*** Opening RECORD SET ***
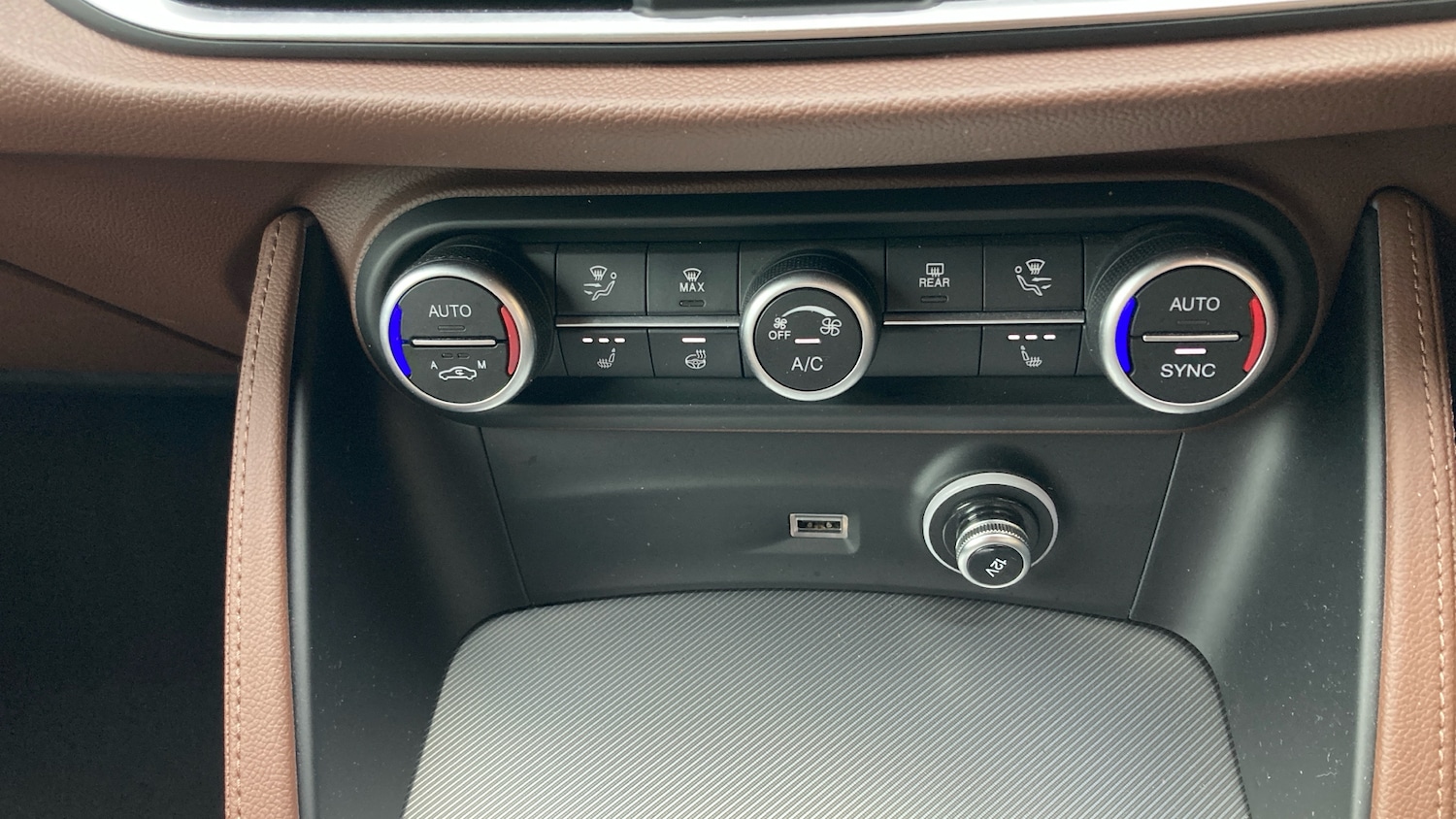 Used Alfa Romeo Stelvio 2021 for sale - 76477107: Photo 38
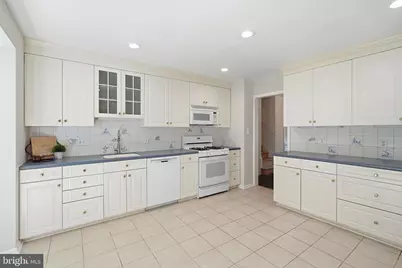 7616 Carteret Road, Bethesda, MD 20817 - Photo 9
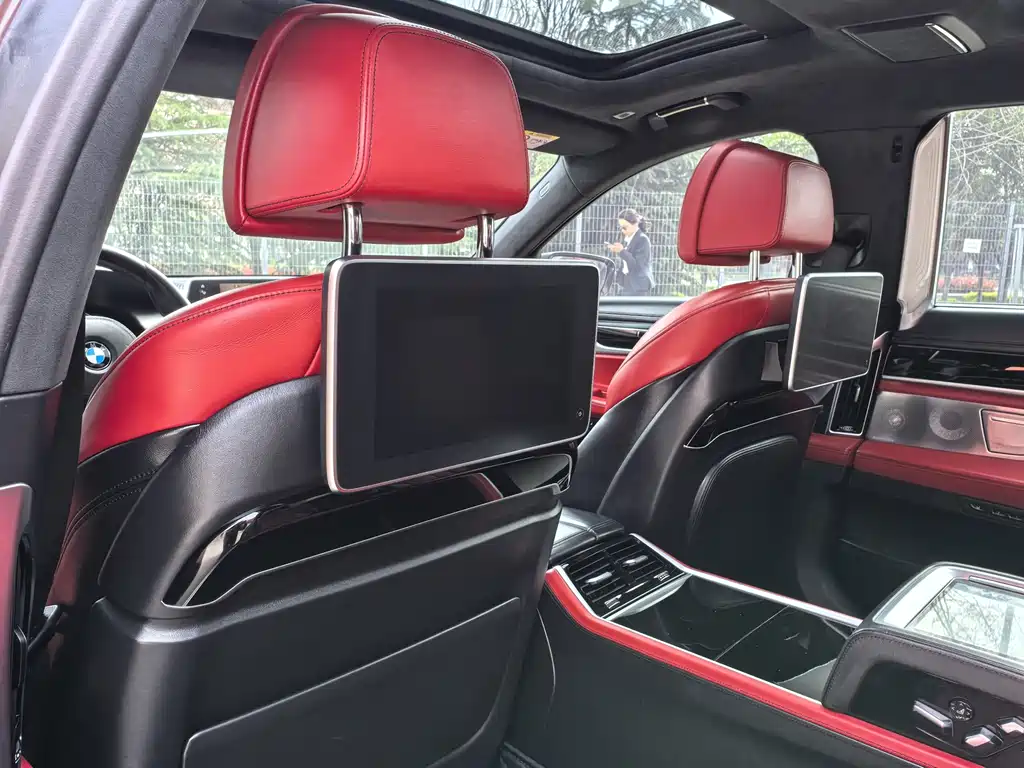 BMW 7 Series 2018 740Li xDrive Exclusive M Sports Package Black Flame Edition купить на сайте DeffCars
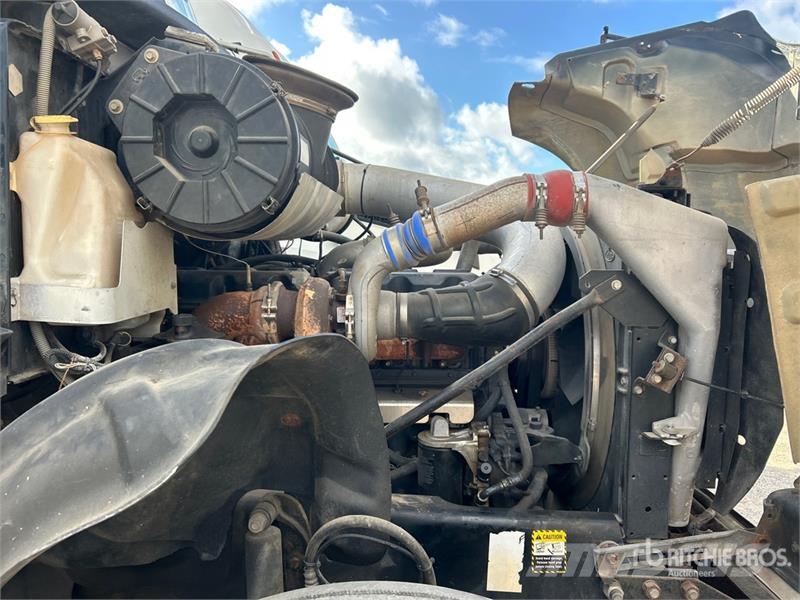 Mack CV713 Sleepwagens
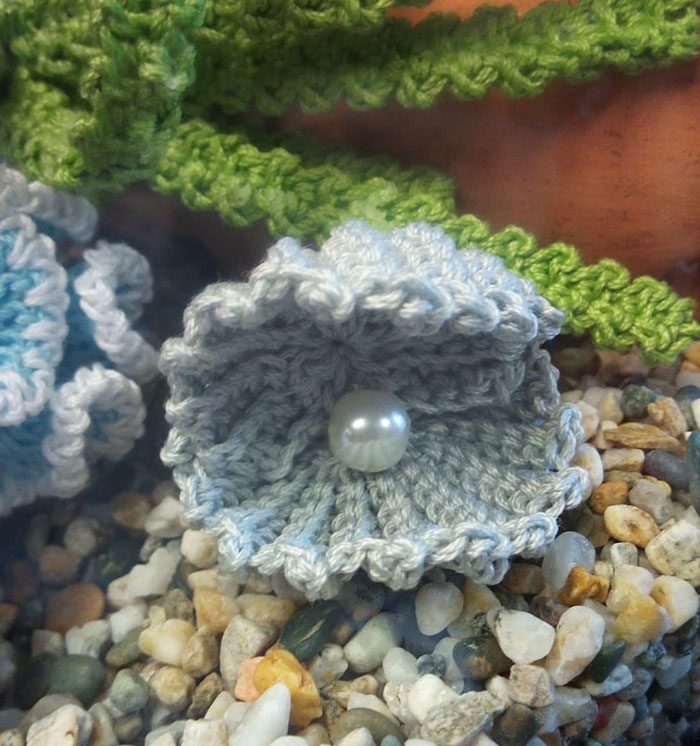 Italian Yarn Artist Created A Stunning Crocheted Aquarium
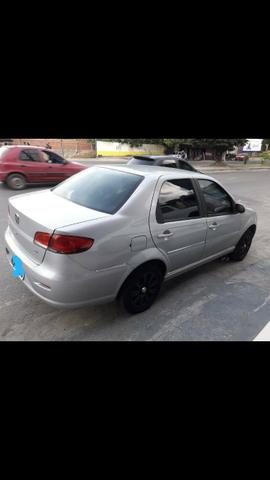Vendo um Siena top completo Elx fazemos financiamento aceito moto de entrada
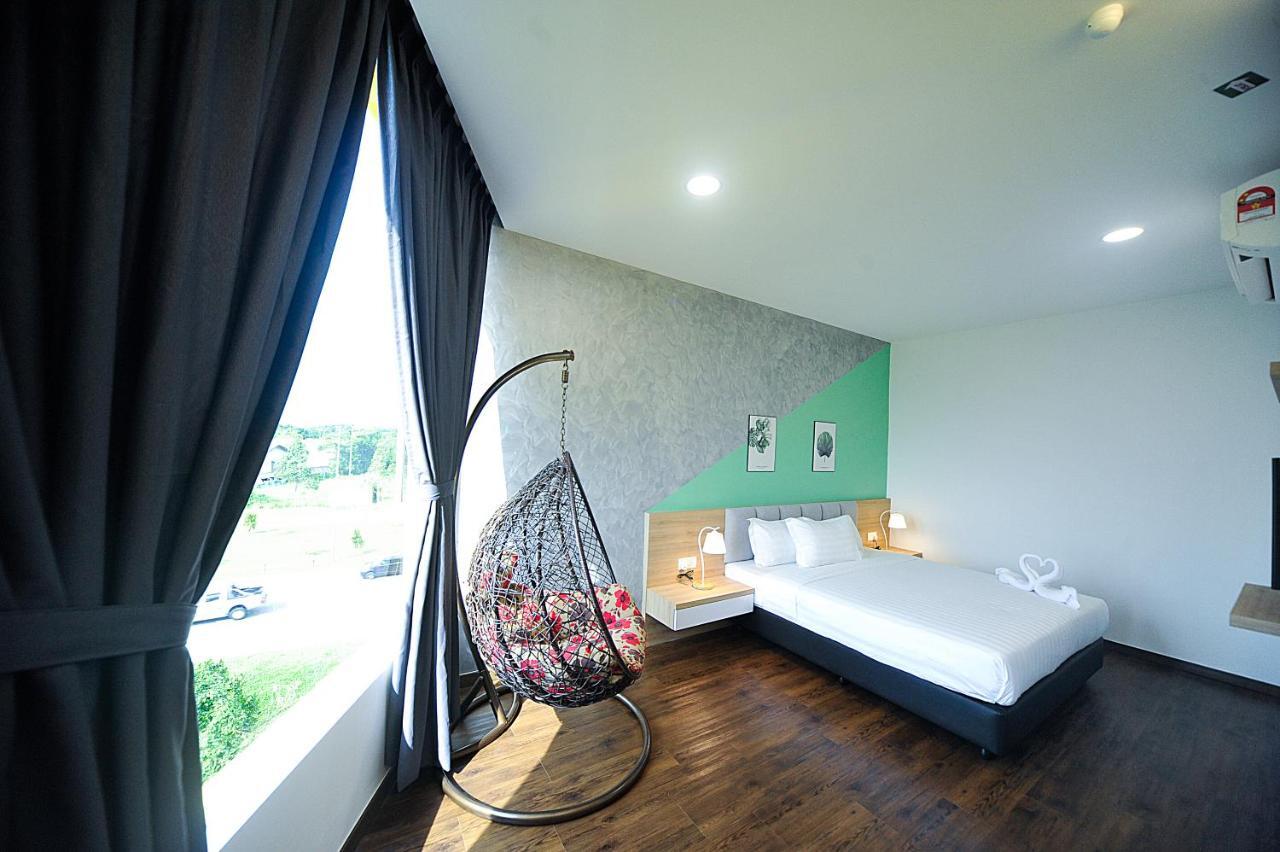 Mye Hotel Muar Exteriör bild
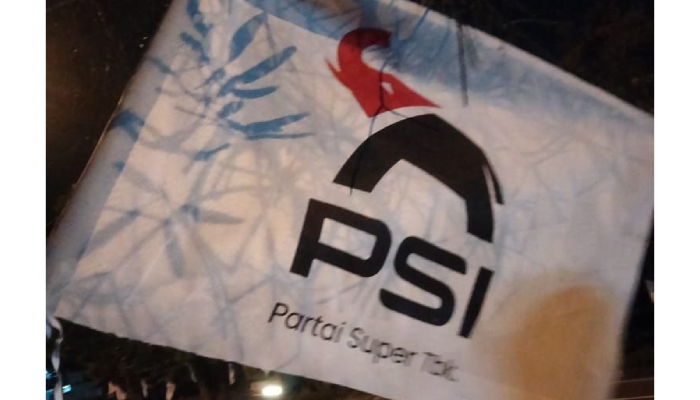 Bendera PSI dengan logo gajah kepala merah terpasang di Solo jelang Kongres PSI 2025.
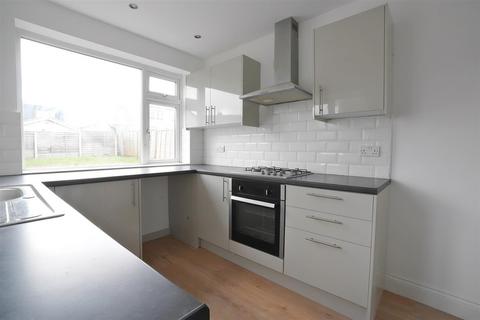 28 Tyersal Close, Bradford, BD4 8HE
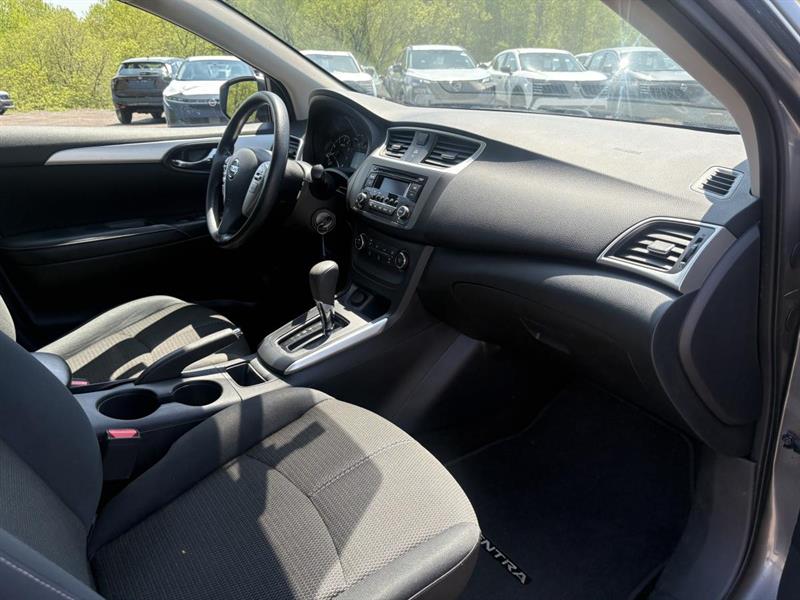 nissan Sentra 2016 - 31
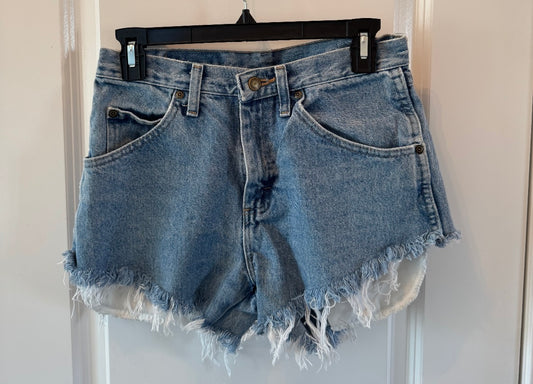 Wrangler Cutoff Denim Shorts Women’s Size 29/8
*** Closing RECORD SET ***
- [WHAT THIS TASK INVOLVES]: Take the records from their first line through the line containing "Mack CV713 Sleepwagens" and please return exactly those lines, both ends included, minus the pictures.

- [TASK OUTPUT]:
 Used Alfa Romeo Stelvio 2021 for sale - 76477107: Photo 38
 7616 Carteret Road, Bethesda, MD 20817 - Photo 9
 BMW 7 Series 2018 740Li xDrive Exclusive M Sports Package Black Flame Edition купить на сайте DeffCars
 Mack CV713 Sleepwagens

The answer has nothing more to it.